New commercial vehicles

             (11.1%)

                   (10.7%)

 

 

·     High quality, recurring, high margin aftersales business continues to grow on a like-for-like basis with revenues, margins and profits increasing in the core vehicle servicing activity (38.2% of gross profit earned from aftersales in the Period).

·     Used vehicle volumes grew on a like-for-like basis demonstrating five years of continuous growth.

·     Used car margins increased combining with higher volumes to deliver significant profit growth (30.0% of gross profit earned from used vehicles in the Period).

·     Acquisitions undertaken in the current and prior year performed well and have been fully integrated making a substantial contribution to Group profit growth.

·     New retail vehicle volumes continued to soften in the period as expected: margins strengthened reflecting pricing discipline.
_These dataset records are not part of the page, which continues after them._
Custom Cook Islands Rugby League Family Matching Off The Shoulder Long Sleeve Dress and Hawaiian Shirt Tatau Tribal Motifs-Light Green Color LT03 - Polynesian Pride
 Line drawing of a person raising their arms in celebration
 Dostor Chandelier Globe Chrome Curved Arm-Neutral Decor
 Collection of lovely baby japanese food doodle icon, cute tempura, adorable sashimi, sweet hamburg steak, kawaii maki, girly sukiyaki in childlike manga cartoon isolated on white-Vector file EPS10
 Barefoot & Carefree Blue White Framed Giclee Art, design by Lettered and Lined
Robert Forrester, Chief Executive of Vertu said:

"We are delighted with the Group's performance during the period, particularly in used vehicles and our high margin aftersales business and we expect our full year results to show continued growth in revenues and profits. Vertu has an excellent team, a strong balance sheet and a proven growth strategy, and as such the Board is confident of the Group's future prospects."

Aftersales

In the Period, the Group's aftersales focus continued to be on improving customer retention in the vehicle servicing departments through selling service plans to customers buying vehicles and enhancing the customer experience. This resulted in continued like-for-like growth of 6.0% in vehicle servicing revenues.  Like-for-like gross profits also grew by 6.9%. This represented the seventh consecutive year of similar growth. This strong performance ensured that the Group's service activities continued to provide a resilient, recurring and growing base of profitability to the Group's results.

New Cars

The UK new vehicle market recorded a record level of 2.7 million registrations in the year ended 31 December 2016 (SMMT).  Private new vehicle registrations, which had grown for over three years until March 2016, began to record slight year-on-year declines from April 2016, and during the Period the SMMT private new vehicle registrations fell by 1.1%.  Amongst the Group's Manufacturer Partners there have been mixed responses to the post-referendum currency conditions.  Some Manufacturers maintained prices, supported customer offers and grew market share, whilst others have sought to increase prices or reduce consumer offers and lost share as a result. Overall new car prices are reported to have risen by 5.2% in the seven months following the referendum (source: What Car?). 

As the private new vehicle market has softened, there have been higher levels of self-registration of vehicles by retailers to bridge the gap between genuine retail demand and the volume aspirations of Manufacturers.  These vehicles are registered as "retail" as measured by the SMMT registration data and are then sold to customers as used cars. In these circumstances the Group's new retail sales volume trends will tend to lag the SMMT registration data.  The Group's strategy during this period has been to work to achieve Manufacturer performance targets at high levels while also maintaining strong pricing disciplines.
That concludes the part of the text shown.